Hastings continued to take journalistic assignments; in the summer of 1977, he made a further visit to Rhodesia. His second stay, in 1976, had covered the increasing success of Zanu guerrillas.(p179) This, his third visit, was brief; shortly after arrival, he was summarily deported.(185-186)
The publication of Bomber Command shortly after Yoni was a critical and commercial success, winning the Somerset Maugham Prize. Hastings returned to Northamptonshire from Ireland, and until 1982 worked primarily as an author, publishing two more World War 2 histories; he also wrote a column for the Daily Express(WW)
In April 1982, as the early events of the Falklands War unfolded, Hastings decided to postpone his current book in favour of covering the conflict. The Evening Standard agreed to appoint him their correspondent, and he sailed with 3 Commando Brigade on Canberra.(p271-274) Few experienced war correspondents had sailed with the task force, expecting to be able to join later. When no further journalists were permitted, Hastings found he had few experienced competitors, while his military connections were helped him build relationships with the commanders of several units.(p282-288)
Having already interviewed Michael Rose, commanding officer of 22 SAS,(p317) Hastings was able to persuade Rose to allow him join the SAS as they supported 42 Commando’s attack on Mount Kent.(p326) This entailed leaving 40 Commando, and several journalists attached to 42 Commando attacked Hastings for breaking with media arrangements.(p328) Hastings joined D Squadron SAS close to the summit of Mount Kent for an uncomfortable night in the field, before ascending to the now-secure summit on the morning of 31 May. He was able to file his story using an SAS satellite phone, which led to rumours that he had been granted special access beyond other journalists. (p329-334)
Hastings was assigned by the taskforce to cover 45 Commando at Teal Inlet on 3 June. (p337-341) A week later, he rejoined 10 Commando in the first phase of their attack on the hills around Port Stanley, the capital of the Falklands and the final position of the main Argentine force.(p352) (perhaps reword with a little campaign background?) The following day he covered the successful night attack on Mount Harriet by 42 Commando.(p355-361) Having returned to San Carlos Bay to file a story on 12 June, he then covered the attack on Wireless Ridge by 2 Para. (p365-370)
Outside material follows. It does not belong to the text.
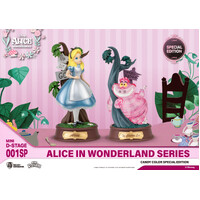 Beast Kingdom Mini D Stage Alice in Wonderland Alice and Cheshire Cat Figures - Candy Colour Special Edition Set
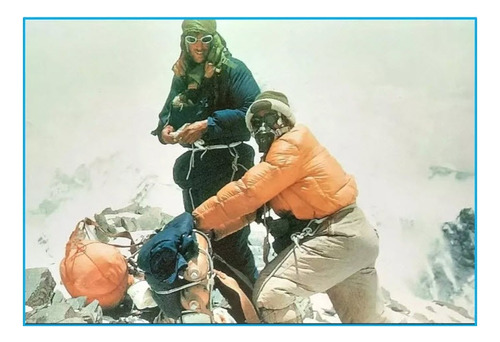 Postal De Edmund Hillary Y Tenzing Norgay En El Everest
As Argentine forces retreated on 14 June, Hastings caught a lift in a Scimitar armoured car to join A company of 2 Commando (commander Dair Farrar-Hockley – check right unit) as they moved into the outskirts of Port Stanley. The unit was ordered to halt, and then received word that Argentine forces had agreed to surrender. After only moving a short way further into Port Stanley, British forces were ordered to halt while the organisation of the surrender was negotiated.(371-375) Removing as much military apparel as possible, Hastings set off into Port Stanley ahead of the military. As he approached Government House in the centre of Port Stanley, he met first a group of Argentine soldiers, and then a group of Falklands civilians. He interviewed an Argentine colonel, who believed a full surrender was imminent. He then entered the Port Stanley hostelry, The Upland Goose, and had a whiskey while speaking with the locals. He returned to British lines, and then travelled to the tanker Olna, in San Carlos Bay, carrying his dispatch along with those of several other journalists. After waiting through a communications blackout while the Argentine surrender was announced in the House of Commons, he was able to transmit his report. It formed the Evening Standard’s front page, under the line “The First Man into Stanley”. (p375-379)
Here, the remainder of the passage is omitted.